(Image-text web data)
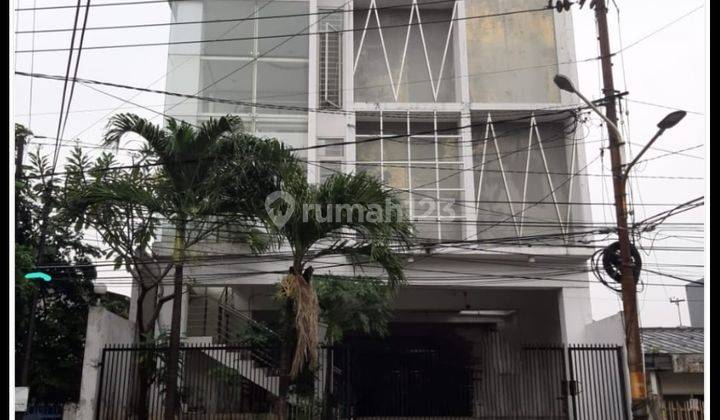 Gedung di Dukuh Kupang Surabaya 1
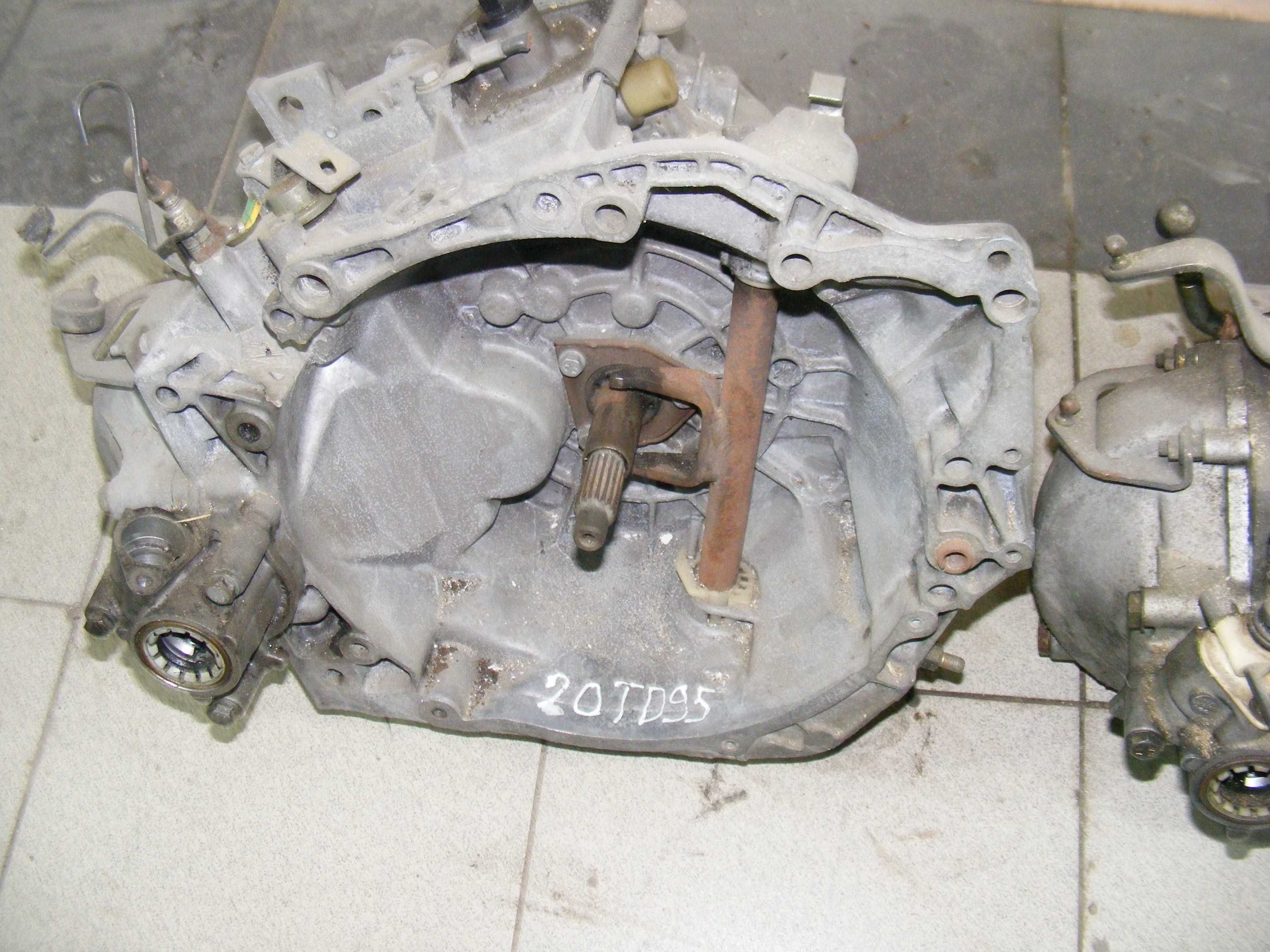 Коробка передач/20td95 2.0 HDI            
20CM37 1.9 HDI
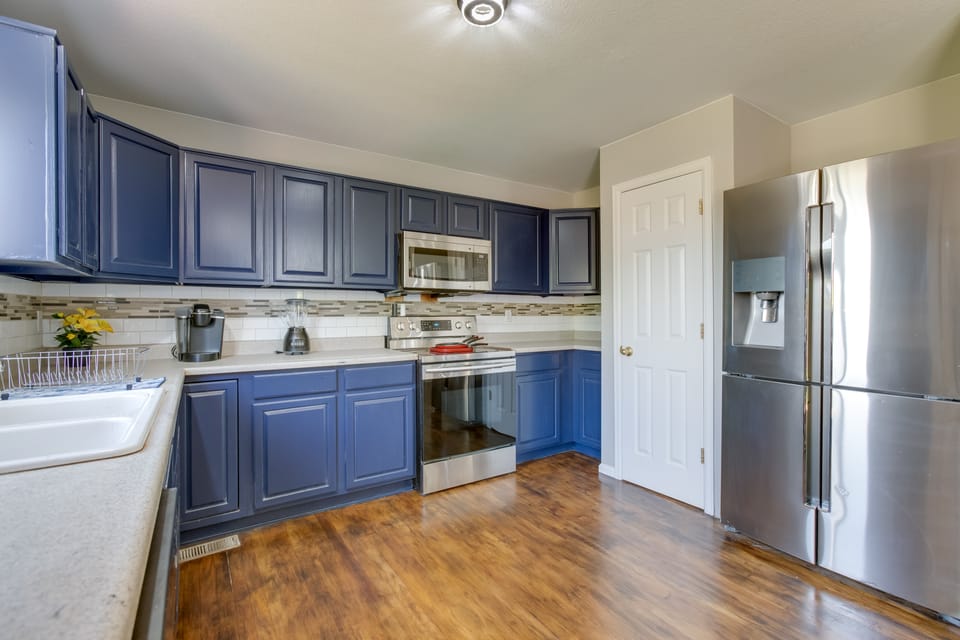 Spacious Aurora Home: 20 Mi to Downtown Denver! House in Aurora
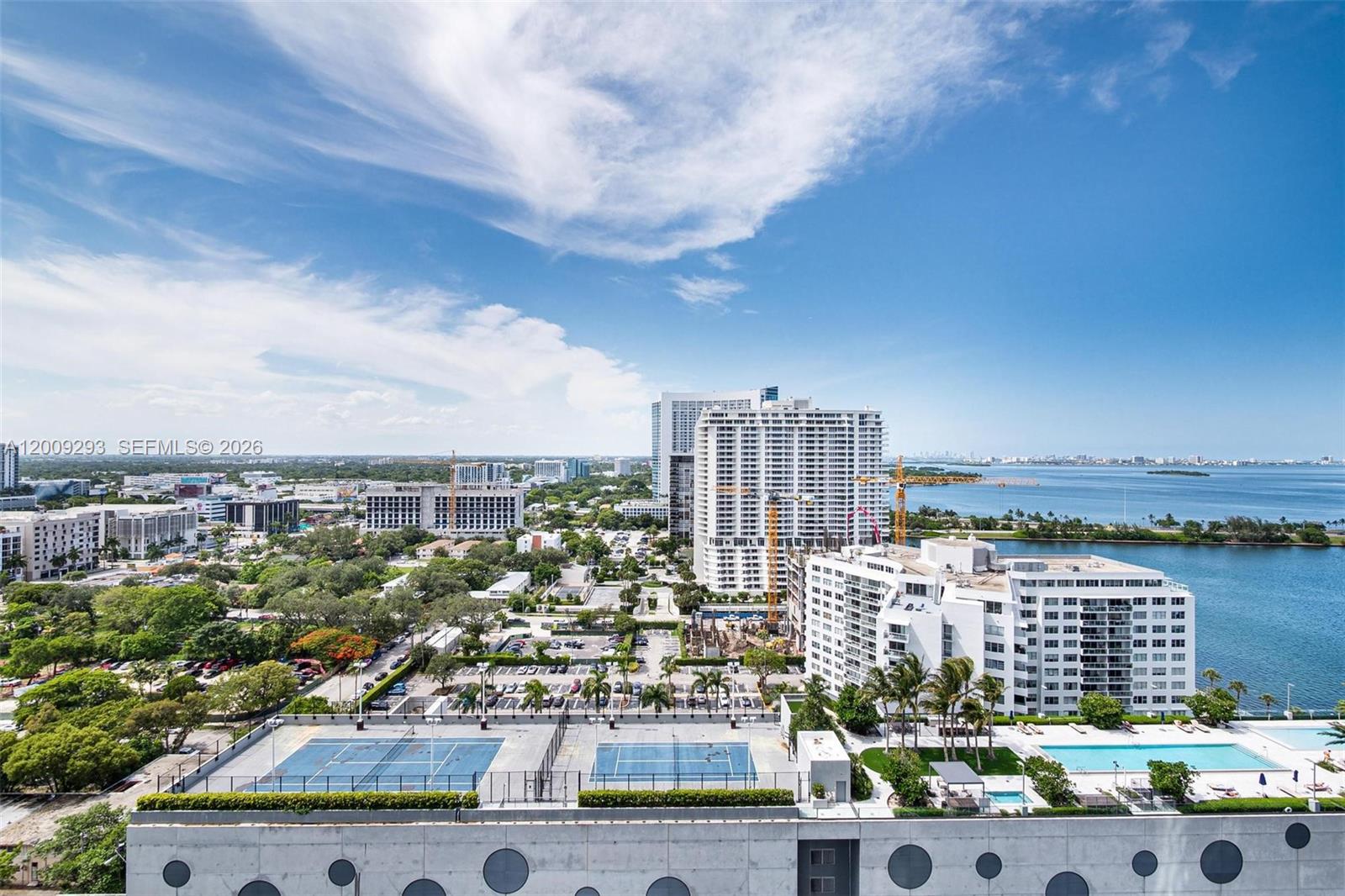 650 NE 32nd St #2101 Miami, FL 33137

- _What is being asked_
Print every entry above verbatim but drop the images.

- _Completed task_
 Gedung di Dukuh Kupang Surabaya 1
 Коробка передач/20td95 2.0 HDI            
20CM37 1.9 HDI
 Spacious Aurora Home: 20 Mi to Downtown Denver! House in Aurora
 650 NE 32nd St #2101 Miami, FL 33137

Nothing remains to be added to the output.